It’s easy to become distracted by other things or give up when things get tough without a strong sense of commitment. People who lack commitment tend to put things off and postpone taking action because they do not feel accountable for the outcomes of their actions and do not believe they can succeed.
Without a clear understanding of what they want and why they want it, it may be difficult for them to be consistent in their actions and to move closer to their objectives.
Although being result-oriented is generally a good thing, focusing solely on the outcome rather than the process can prevent people from taking action. People who are overly focused on the end result may become so fixated on achieving a specific outcome that they overlook the steps required to get there. This can lead to feelings of frustration and disappointment, and eventually the inability to take action.
Worse, if people have unrealistic expectations of themselves, they may become discouraged if they do not achieve their goals. This can lead to procrastination and motivation issues.
Understanding the Difference Between Motion vs Action
Understanding motion and action is critical for becoming more action-oriented because it allows you to identify the specific steps required to achieve a goal and actually take those steps in a deliberate and efficient manner. This helps in overcoming procrastination and inaction, both of which can be major roadblocks to achieving one’s goals.

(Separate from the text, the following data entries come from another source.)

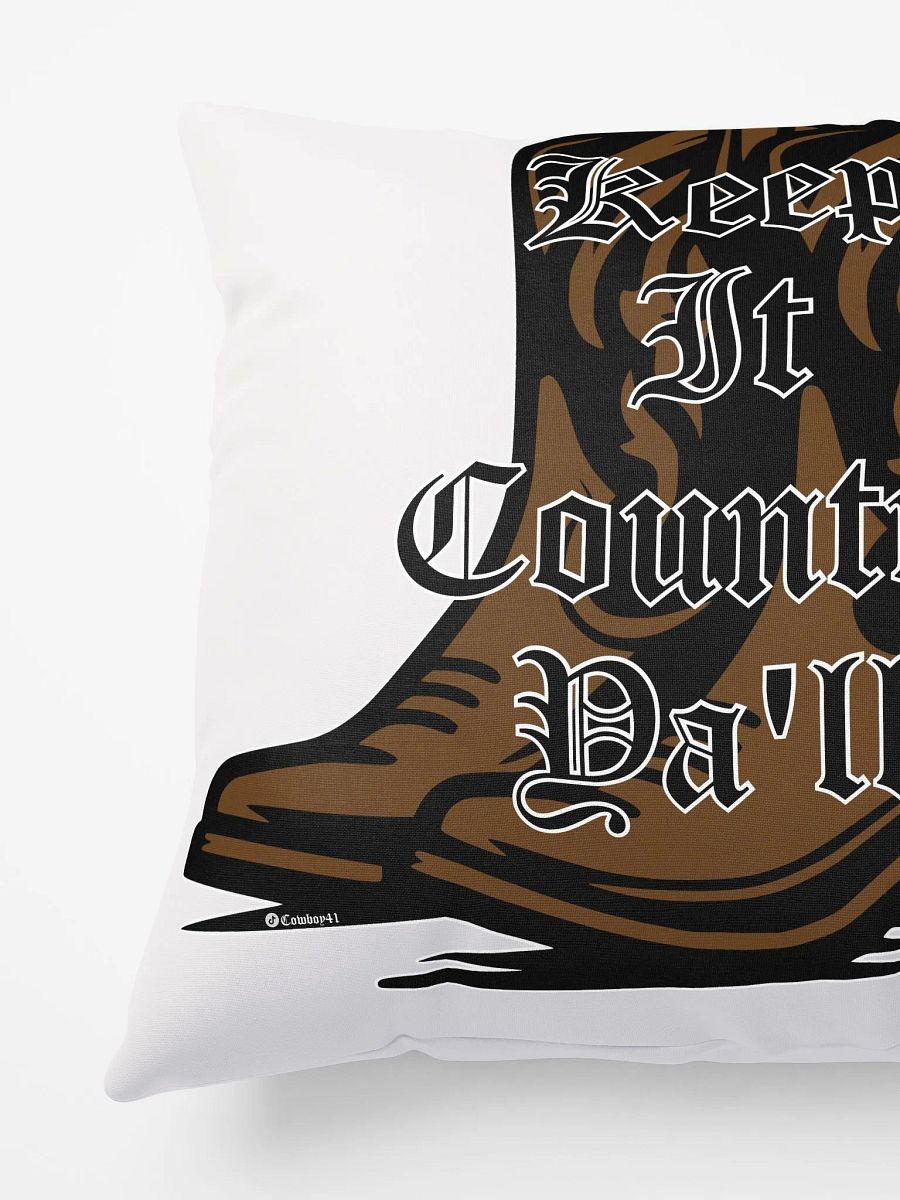 Keep it Country Pillow product image (5)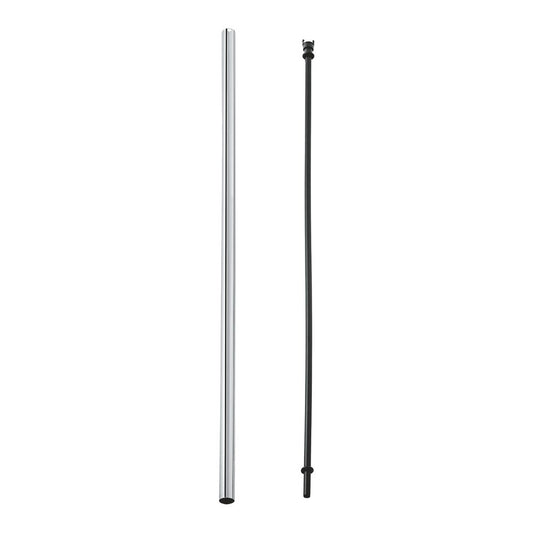 Grohe Retrofit Shower Bar for Installation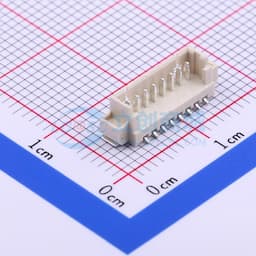 1x8P 间距:1.25mm缩略图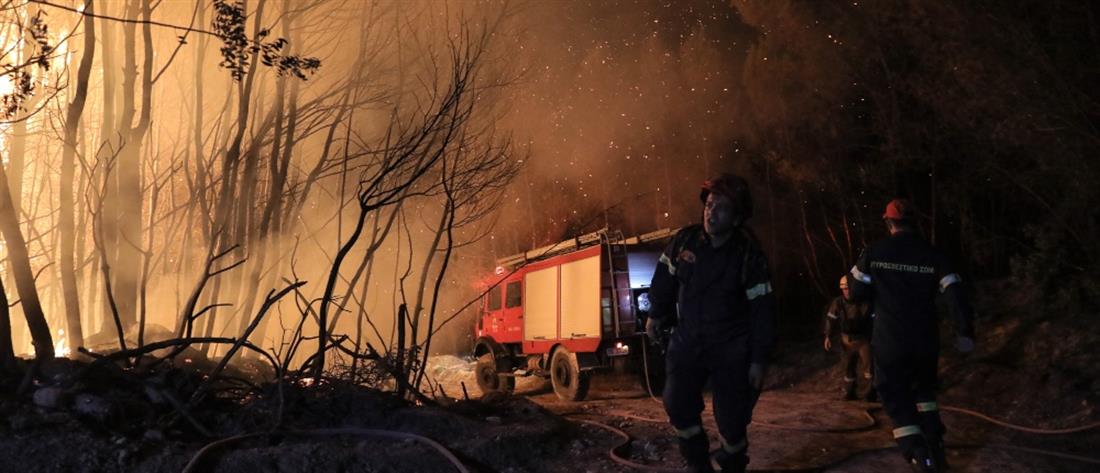 Φωτιά - Αχαΐα Φωτιά - Αχαΐα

Motion and Action can be thought of as two different aspects of getting things done. Action is the act of performing a task or an activity while Motion is the intention that drives the action. Motion without action can lead to procrastination and a lack of progress, whereas action without motion can lead to busywork and a lack of direction.
Here are some examples to help you better understand motion and action:
- Motion: Create a to-do list
Action: Complete the items on the to-do list
- Motion: Searching for a healthy diet plan and reading recipes
Action: Prepare and eat a nutritious meal
- Motion: Watching workout videos
Action: Start training or exercising
- Motion: Getting books on improving productivity
Action: Read the books and put the strategies into practice
It is critical to have a clear plan and intention (motion) behind the work being done (action) in order to achieve the desired outcome.
How to Become More Action Oriented
1. Understand that Action Is Like a Muscle
Action is like a muscle; it gets stronger the more you use it. Understanding that taking action is a skill allows you to approach it more deliberately and intentionally.
Starting with small, manageable tasks and gradually increasing the difficulty and complexity as you become more comfortable and confident is one way to practice taking action. It’s also worth noting that taking action doesn’t always imply being productive; sometimes taking a break and rest is necessary.
Another way to strengthen this muscle is to take consistent and persistent action toward your goals. Consistency and persistence are essential for success because they help overcome the inevitable obstacles and setbacks that arise along the way.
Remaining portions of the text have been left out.